• PROBLEM REQUIREMENTS
Every entry below must be retyped exactly, and the pictures must be left out.

Image-text web data:

= Beginning of Section =

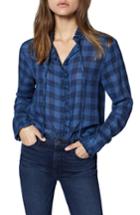 Women's Sanctuary Greyson Tie Neck Shirt - Blue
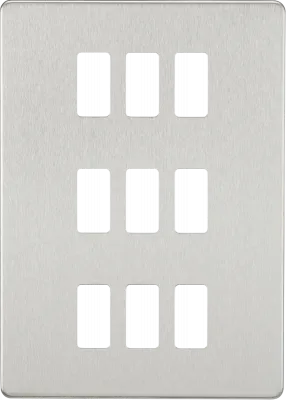 K/Bridge Screwless 9G grid faceplate - brushed chrome
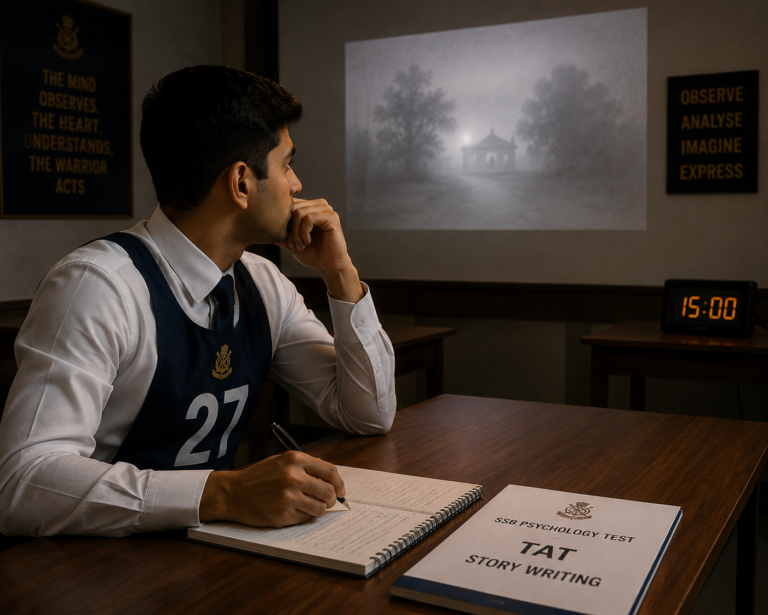 SSB aspirant viewing a hazy projected TAT picture and writing a story during the SSB psychology test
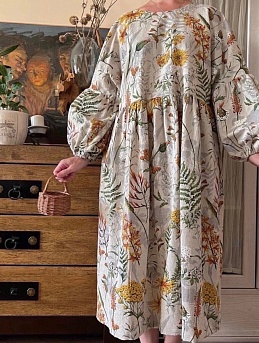 Платье с рукавами из полульна "Цветущий луг"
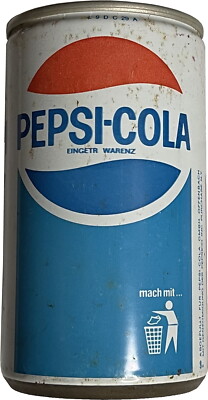 Vintage Unopened Empty Pepsi Cola Pull Tab Can German 0.33 L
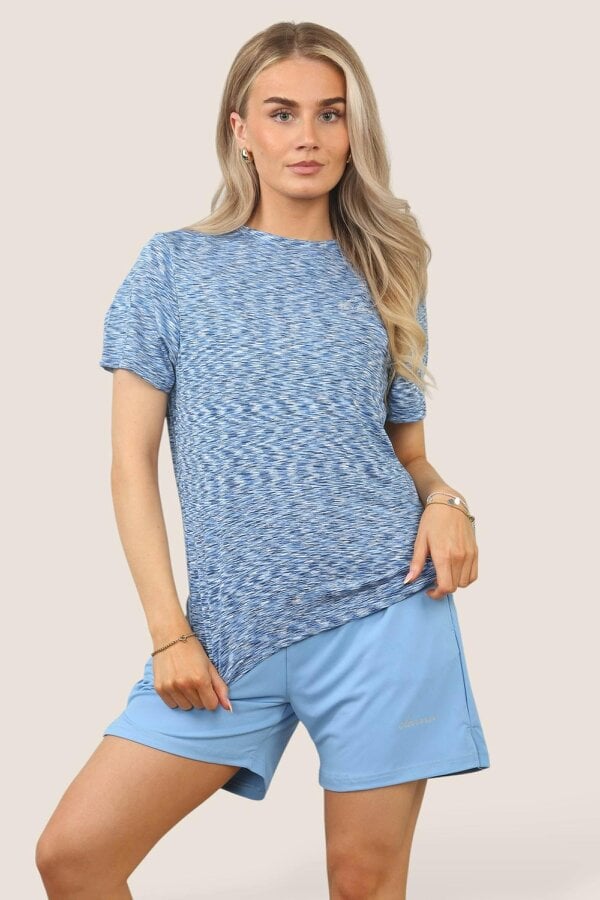 Elaina Fashion Women's Activewear Set – Lightweight Performance T-Shirt & Shorts with Pockets, Gym, Yoga, Running | Various Colours - S/8 - Blue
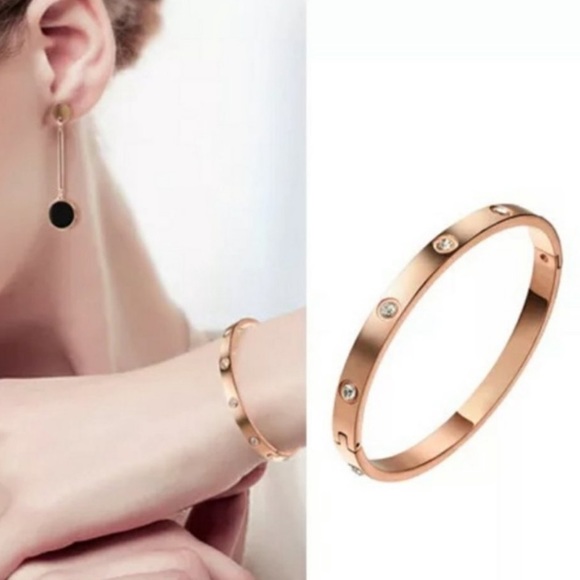 NEW Rose Gold Round Diamond Bangle Bracelet - Picture 2 of 7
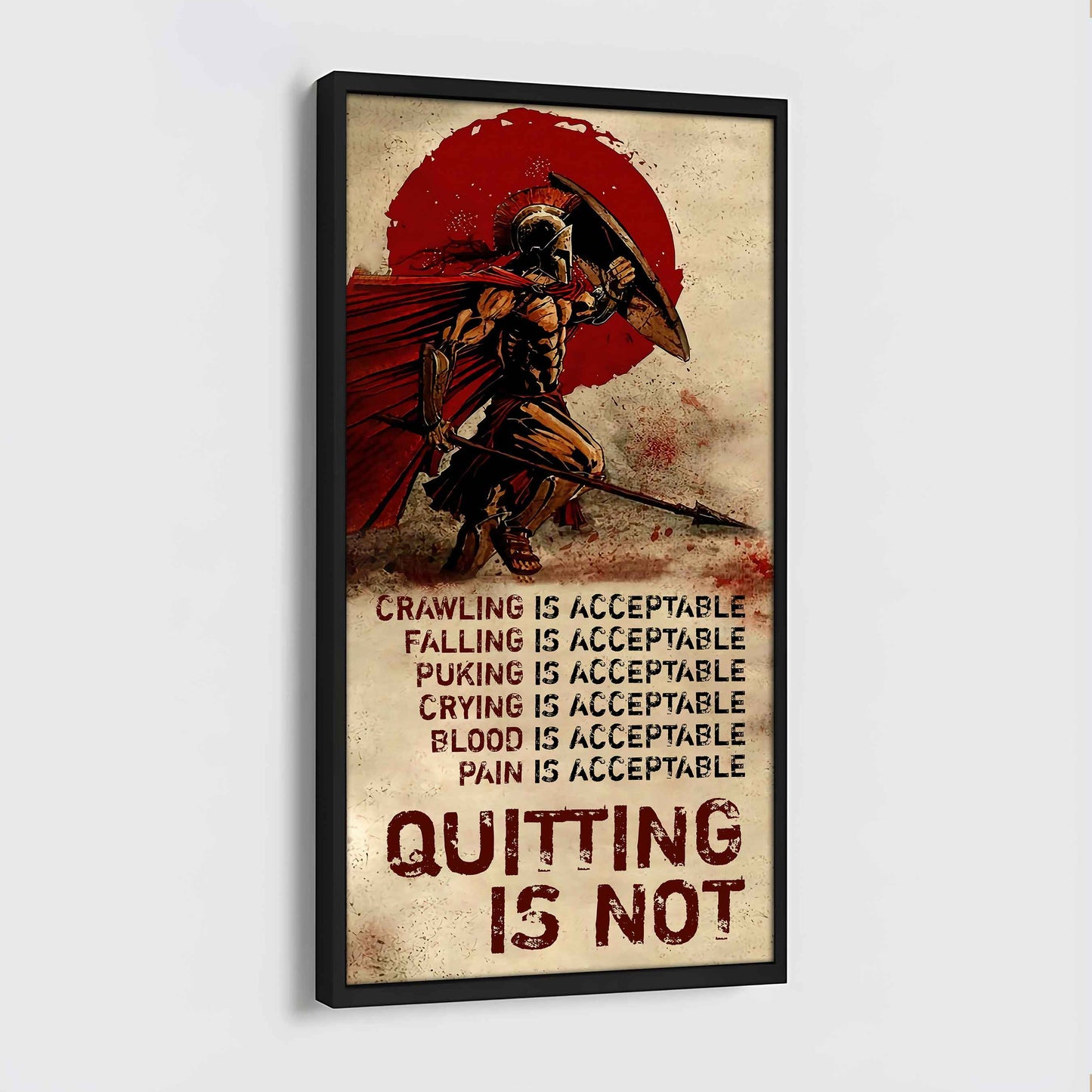 Warrior Quiting Is Not Poster Canvas Motivation Canvas Gift For You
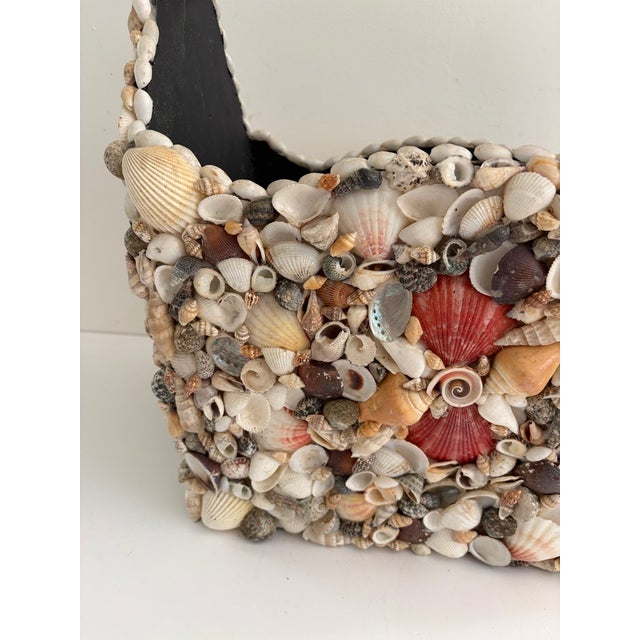 Large Vintage Seashell-Encrusted Wooden Basket With Handle – Handmade Coastal Folk Art Beach House Decor For Sale In Orlando - Image 6 of 12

= End of Section =

• EXERCISE OUTPUT
 Women's Sanctuary Greyson Tie Neck Shirt - Blue
 K/Bridge Screwless 9G grid faceplate - brushed chrome
 SSB aspirant viewing a hazy projected TAT picture and writing a story during the SSB psychology test
 Платье с рукавами из полульна "Цветущий луг"
 Vintage Unopened Empty Pepsi Cola Pull Tab Can German 0.33 L
 Elaina Fashion Women's Activewear Set – Lightweight Performance T-Shirt & Shorts with Pockets, Gym, Yoga, Running | Various Colours - S/8 - Blue
 NEW Rose Gold Round Diamond Bangle Bracelet - Picture 2 of 7
 Warrior Quiting Is Not Poster Canvas Motivation Canvas Gift For You
 Large Vintage Seashell-Encrusted Wooden Basket With Handle – Handmade Coastal Folk Art Beach House Decor For Sale In Orlando - Image 6 of 12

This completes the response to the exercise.